About a month ago, I updated you about a new member perk we were working on, one that continued the Autopian’s exclusive in the industry tradition of generating unique member perks on 40+ year-old deeply obsolete 8-bit computers. Well, I’m happy to say that after about a month of exciting, tedious, and sometimes terrifying work, the hardest part of this has been completed, and we are well on our way to producing our all-new member perk: unique, randomly-generated 8-bit cars!
You remember why we do this, right? By now, you must know all about the benefits of becoming an Autopian member: it helps to support good, independent media in these trying times, I’ll draw you a car for your birthday, you’ll get some great swag and merch. But for renewing members, I can’t hand-draw you another car every year – I need to find some sort of way to at least partially automate the process, while still keeping some degree of personal, even intimate connection. That’s where these 8-bit cars come in!
Last year I did this but made these funny little robot guys, something David was never really down with. That’s because David couldn’t get past the idea that we are a car website, and should be producing car images. I ignored him last year, because I’d already made all the robot graphics and it’s just fun, but this year – well, this year I gave in and made cars.
I hand-made all of the graphical elements for these cars, pixel-by-pixel. And, on an old Apple II, the vintage computer I’m doing all of this on, that’s not easy, because Apple II graphics are deeply weird. I love them and I think they have so much charm, but there’s all kinds of weird color restrictions and other bizarre limitations to deal with – I go over it all in this post.

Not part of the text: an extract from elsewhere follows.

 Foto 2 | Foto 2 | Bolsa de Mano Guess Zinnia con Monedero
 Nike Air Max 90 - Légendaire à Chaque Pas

Last time, I made robots with three sections, and five options for each part, not counting color changes. This time, for the cars, there are four sections, with ten options for each part:
There’s a roof bit, a grille, a pair of lights/fenders, and then the bumper/wheels. So, 40 pieces in all, which you can see here, arranged into ten separate cars:
They’re kind of bonkers looking, I know, but that’s what you get when you combine me and archaic machines like these, I suppose. The Apple II basic high resolution screen (high resolution in the context of a machine developed in 1977 means 280 pixels by 192 pixels. You have file icons on your desk with more pixels.) can display six colors: black, white, purple, green, orange and blue, so that should explain the garish color choices.
Oh, and saving the graphics turned out to be a challenge as well, because of an error in the software I was using. This was terrifying, because I could have lost all of the work I’d done, which, if that happened, would have ended in me attempting to swallow a bunch of billiard balls. I took a gamble and saved to disk the area of memory I thought the shapes were stored in, and made some educated guesses about the size of this 40-element shape table – thankfully, it worked. That’s about 12.5 kilobytes of graphical data, by the way.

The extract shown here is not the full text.